Yes, there is something wrong.  Infra is aware of it.


>
>  -jake
>
> On Wed, Sep 30, 2009 at 10:01 AM, Sean Owen (JIRA) <ji...@apache.org>  
> wrote:
>
>>
>>   [
>> https://issues.apache.org/jira/browse/MAHOUT-165?page=com.atlassian.jira.plugin.system.issuetabpanels:comment-tabpanel&focusedCommentId=12760956#action_12760956]
>>
>> Sean Owen commented on MAHOUT-165:
>> ----------------------------------
>>
>> Are my conclusions sound then:
>>
>> We agree that equals() should be 'pretty strict'. The conventional  
>> Java
>> wisdom is that equals(), in fact, ought not return true for  
>> instances of
>> differing classes, unless you really know what you're doing. I  
>> guess we do.
>> :)
>>
>> If the idea behind equals() is "do class-specific stuff, otherwise,  
>> check
>> names, and use equivalent() then", then we don't need  
>> strictEquivalence() --
>> where's it used?
>>
>> (If I represented the logic correctly above -- is that as simple as  
>> we can
>> make it? seems a touch complex)
>>
>> I am not sure anything is 'broken' in practice here but I sense it  
>> could be
>> simpler.
>>
>>
>>> Using better primitives hash for sparse vector for performance gains
>>> --------------------------------------------------------------------
>>>
>>>                Key: MAHOUT-165
>>>                URL: https://issues.apache.org/jira/browse/MAHOUT-165
>>>            Project: Mahout
>>>         Issue Type: Improvement
>>>         Components: Matrix
>>>   Affects Versions: 0.2
>>>           Reporter: Shashikant Kore
>>>           Assignee: Grant Ingersoll
>>>            Fix For: 0.2
>>>
>>>        Attachments: colt.jar, mahout-165-trove.patch,  
>>> MAHOUT-165.patch,
>> mahout-165.patch
>>>
>>>
>>> In SparseVector, we need primitives hash map for index and values.  
>>> The
>> present implementation of this hash map is not as efficient as some  
>> of the
>> other implementations in non-Apache projects.
>>> In an experiment, I found that, for get/set operations, the  
>>> primitive
>> hash of  Colt performance an order of magnitude better than
>> OrderedIntDoubleMapping.

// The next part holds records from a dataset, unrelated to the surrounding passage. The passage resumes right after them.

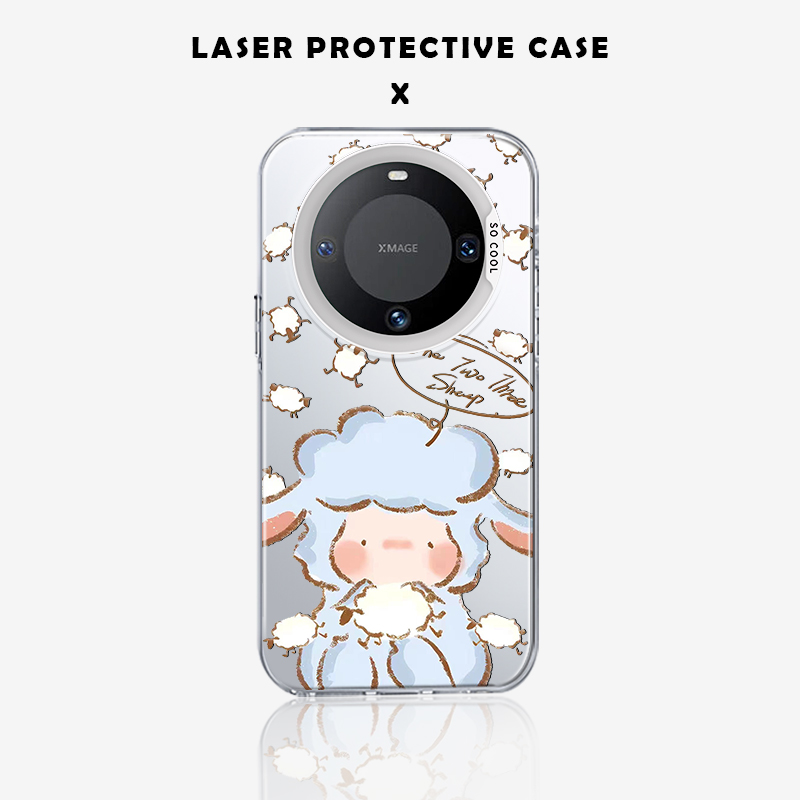 镜头全包，防摔软壳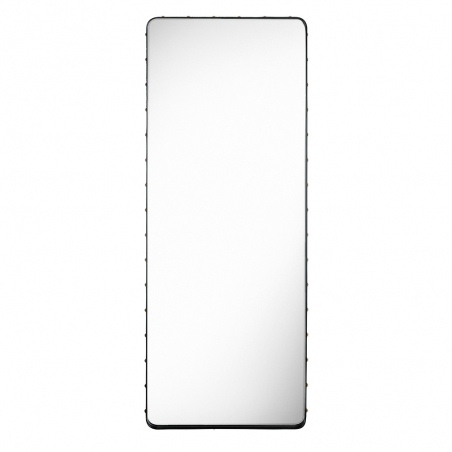 Adnet Wall Mirror, Rectangular, 70x180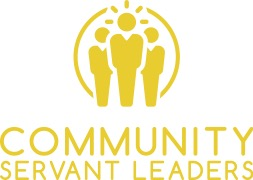 Sponsor Logo for Community Servant Leaders, Inc.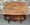 Travailleuse de style Louis XV, bois et placage de frisage, début XXème 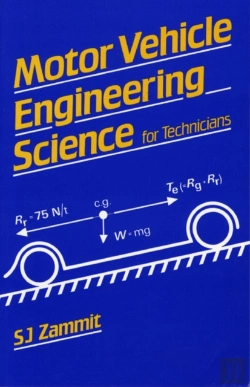 Bertrand.pt - Motor Vehicle Engineering Science For Technicians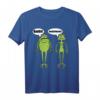 Lustiges Quark Magerquark Frosch T-Shirt zum HapFrog – Humorvolles Geschenk für Tierliebhaber und Geburtstagsfeier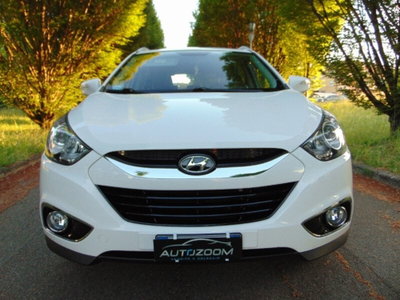 Hyundai ix35 1.7 CRDi 2WD Comfort (18)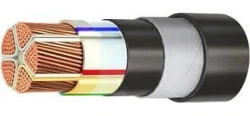 Non-flammable VBSHNG(A)-LS Power Cables for Stationary Installation up to 1kV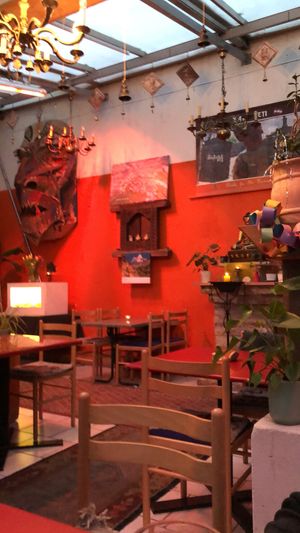 Interior   at YAK + YETI in Vienna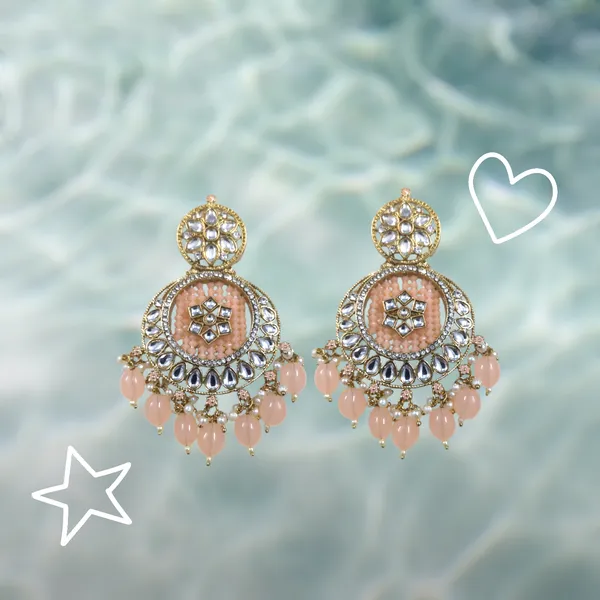 Pich_Zinc_&_Copper_Stylish_&_Fancy_Earring_For_Women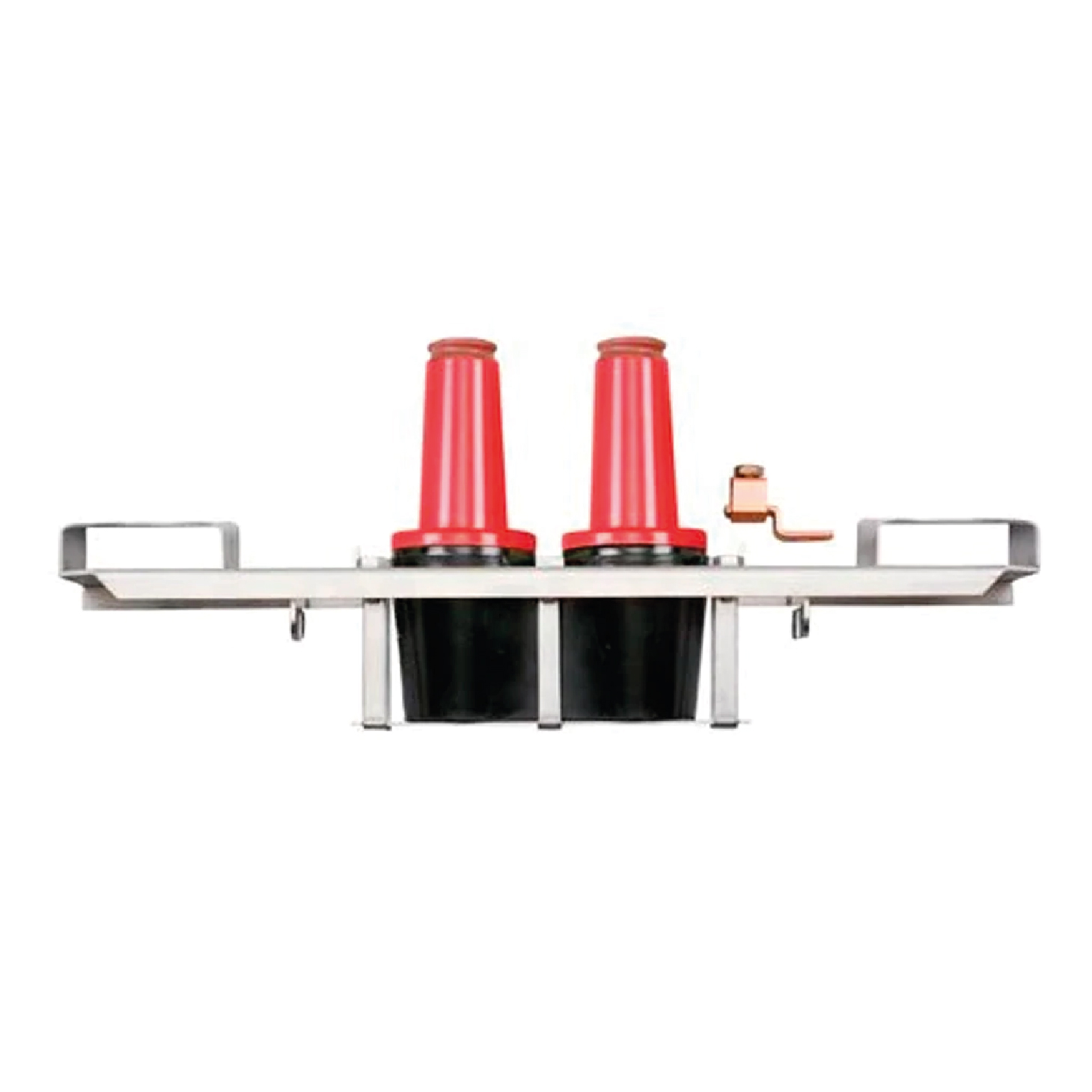 CHARDON. Caja Derivadora 2 Vias 35kV 200AMP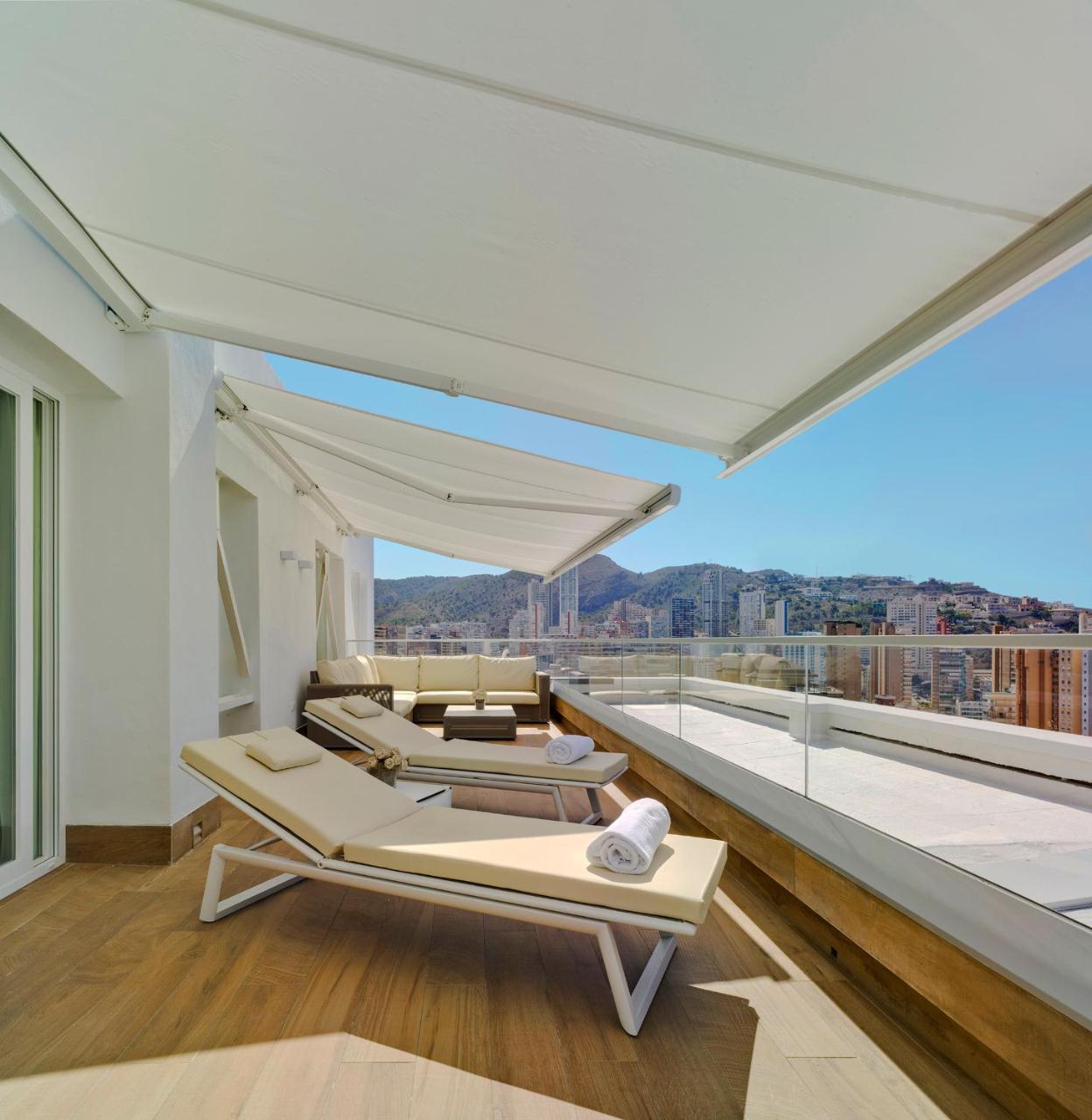 Don Pancho - Designed For Adults 4* Benidorm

For iteration it is 2x slower, though.
>>> Using Colt in Sparsevector improved performance of canopy  
>>> generation. For
>> an experimental dataset, the current implementation takes 50  
>> minutes. Using
>> Colt, reduces this duration to 19-20 minutes. That's 60% reduction  
>> in the
>> delay.
>>
>> --
>> This message is automatically generated by JIRA.
>> -
>> You can reply to this email to add a comment to the issue online.
>>
>>

--------------------------
Grant Ingersoll
http://www.lucidimagination.com/

Search the Lucene ecosystem (Lucene/Solr/Nutch/Mahout/Tika/Droids)  
using Solr/Lucene:
http://www.lucidimagination.com/search


Re: [jira] Commented: (MAHOUT-165) Using better primitives hash for sparse vector for performance gains

Posted by Jake Mannix <ja...@gmail.com>.
On Wed, Sep 30, 2009 at 1:16 PM, Grant Ingersoll <gs...@apache.org>wrote:

>
> On Sep 30, 2009, at 4:03 PM, Jake Mannix wrote:
>
>  Regarding having equals() effectively delegate to
>> getName().equals(other.getName()) && equivalent(other) means that we need
>> to
>> be extra special careful about implementations of hashCode() :
>>
>> If we are not going to break the contract between equals() and hashCode(),
>> and we're having equals() *only* take into account the mathematical
>> contents
>> and the name, then I'd say what we need to do is implement hashCode() in a
>> top level class like AbstractVector.
>>
>
> That is what is happening.


It is on trunk, but not in Ted's patch, which is what I'm currently looking
at, and want
to make sure I'm adhering to convention as I play with Ted's impls.

  -jake